Keywords: Human Immunodeficiency Virus, Acquired Immunodeficiency Syndrome, Neurocognitive disorder, Cerebrospinal fluid, Tau proteins, Tryptophan

Graphical Abstract

graphic file with name nihms954453u1.jpg

1. Introduction

HIV-associated neurocognitive disorders (HAND) are persistently common in the combination antiretroviral (cART) era. Up to 40% of HIV+ adults with undetectable plasma HIV RNA levels and minimal neuropsychological comorbidities have at least mild neurocognitive impairment (Heaton et al., 2010). Biological evidence of ongoing neuronal damage during cART comes from magnetic resonance spectroscopy studies as well as studies of neuronal injury biomarkers such as neurofilament- light (Harezlak et al., 2011, Jessen Krut et al., 2014). Yet, the underlying pathogenesis of neuronal damage during cART remains poorly understood.

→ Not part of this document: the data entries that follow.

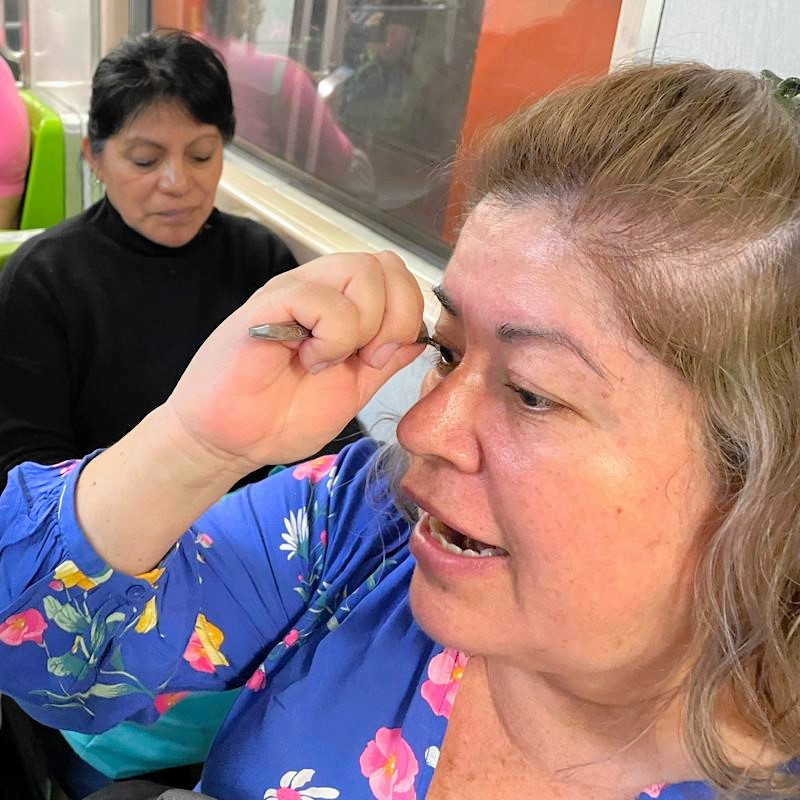 まつげはスプーンで上げる　お菓子ケースは薬入れに　代用品で臨機応変にいこう #923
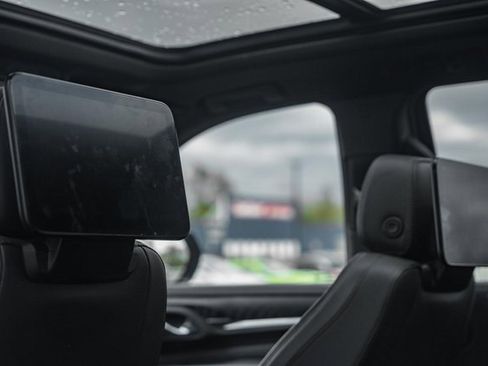 Used 2021 GMC Yukon Denali w/ Denali Premium Package image 44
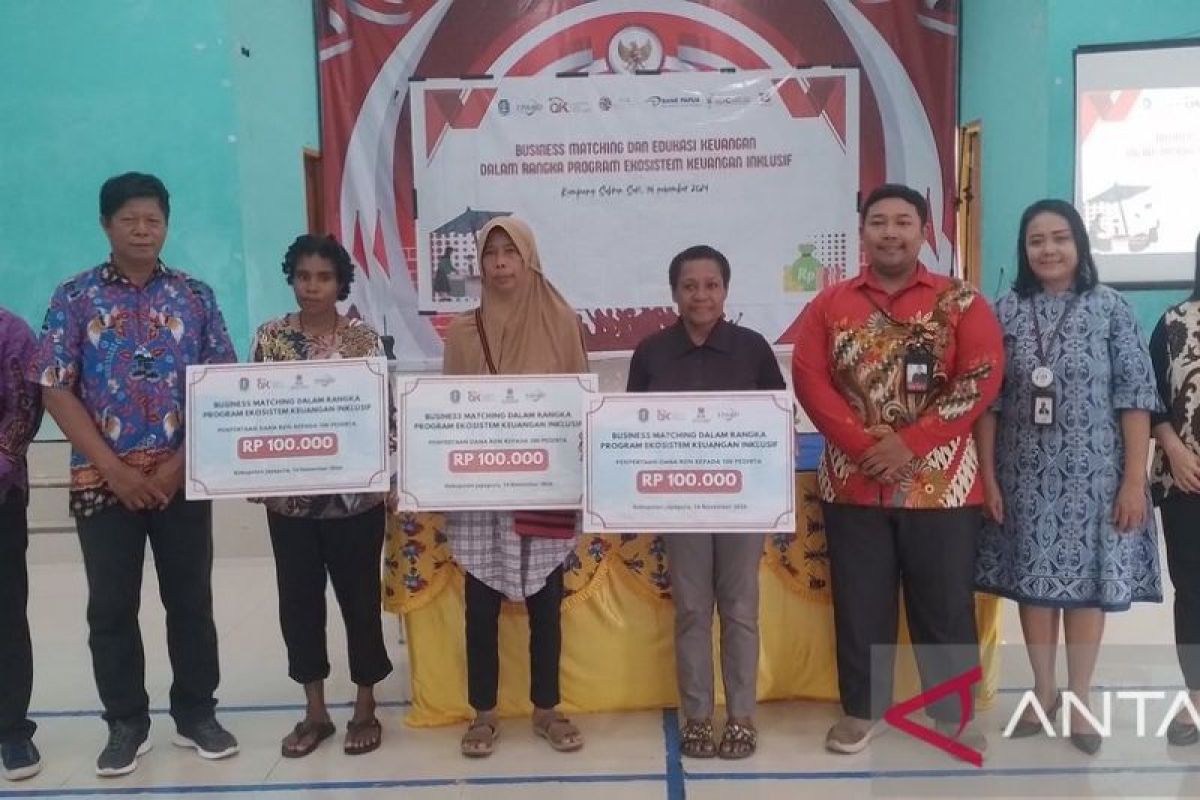 OJK Papua dorong peningkatan keuangan di masyarakat Sabron Sari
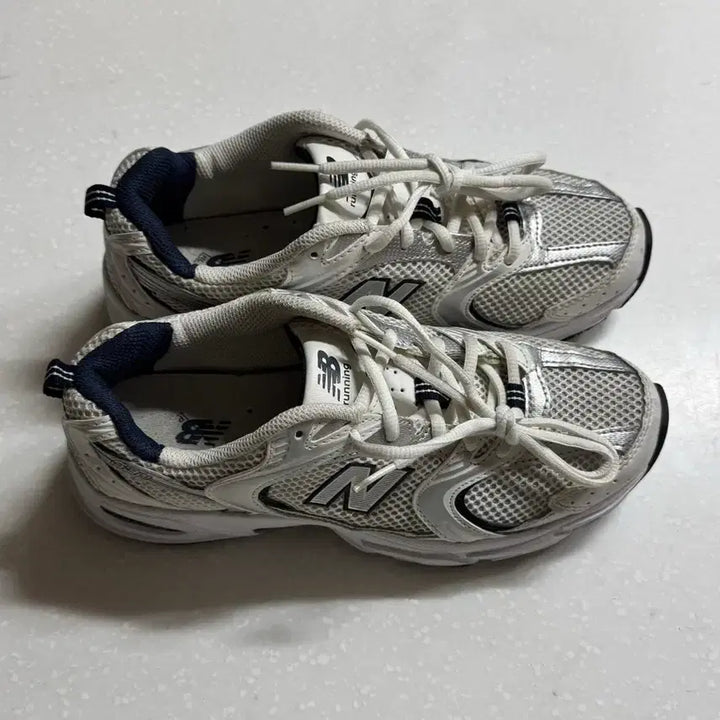 [BUNJANG] New Balance 530 White Sneakers / 뉴발란스 530 화이트 235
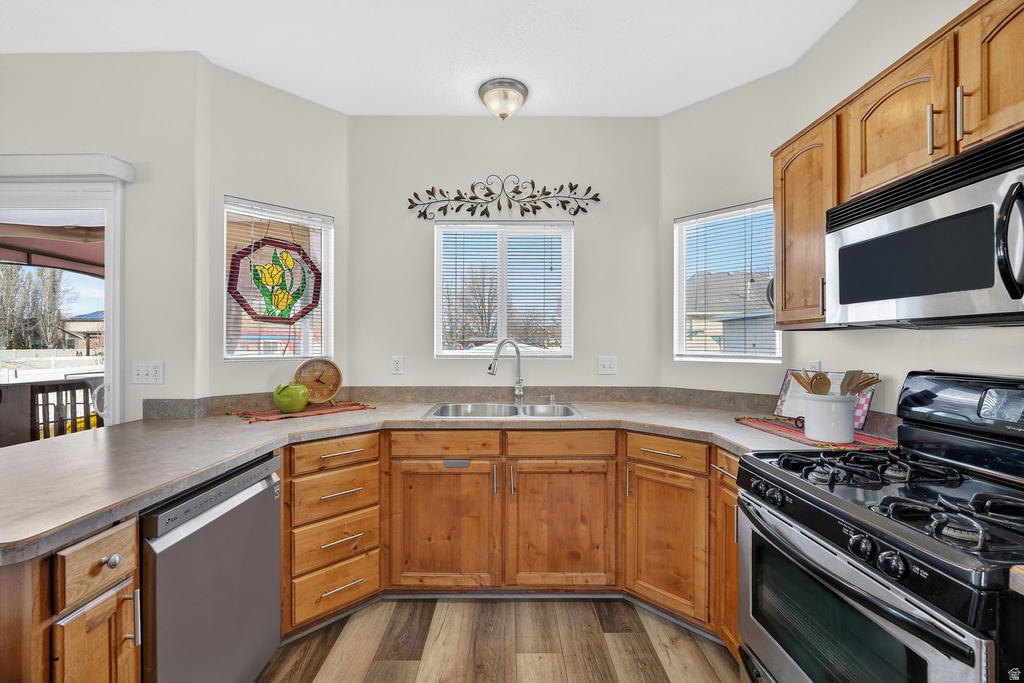 1728 DALLAS ST Syracuse, UT 84075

While inflammation persists during treated HIV and may be a cause of neuronal damage (Zayyad and Spudich, 2015), other processes could also contribute to HAND pathogenesis. Quinolinic acid (QUIN), for example, is a neurotoxin that is a product of the kynurenine pathway for tryptophan metabolism (Vecsei et al., 2013). CSF QUIN levels are elevated during HIV-associated dementia in the absence of cART (Heyes et al., 1991). The ratio of kynurenine to tryptophan (known at the K/T ratio) reflects increased activity of the kynurenine pathway and is associated with HIV-associated mortality when measured from the blood (Byakwaga et al., 2014). Similarly, the CSF Q/T ratio was found to be the earliest predictor of neurological disease in untreated simian immunodeficiency virus (SIV)- infected macaques, and kynurenine pathway metabolites in the brain do not normalize in the SIV-infected brain despite cART (Drewes et al., 2015).

There are also lingering questions as to whether HAND has any pathogenic similarities with Alzheimer’s disease (AD), the most common dementia worldwide. The tau protein, which is critical for the stabilization of microtubules and neuronal integrity, is hyperphosphorylated in AD and other dementias (Brunden et al., 2009). Several studies have attempted to determine whether HIV is also associated with abnormal Tau levels and might represent a “Tauopathy”. Studies in the pre-cART era focusing on total Tau (t-Tau) were small, and the results were conflicting (Andersson et al., 1999, Green et al., 2000). More recent studies have focused on phosphorylated Tau (pTau), which is more specific for Tauopathy-associated dementias. Again, some studies found a relationship between increased CSF pTau and HAND (Brew et al., 2005), while others did not (Clifford et al., 2009, Krut et al., 2016, Peterson et al., 2014).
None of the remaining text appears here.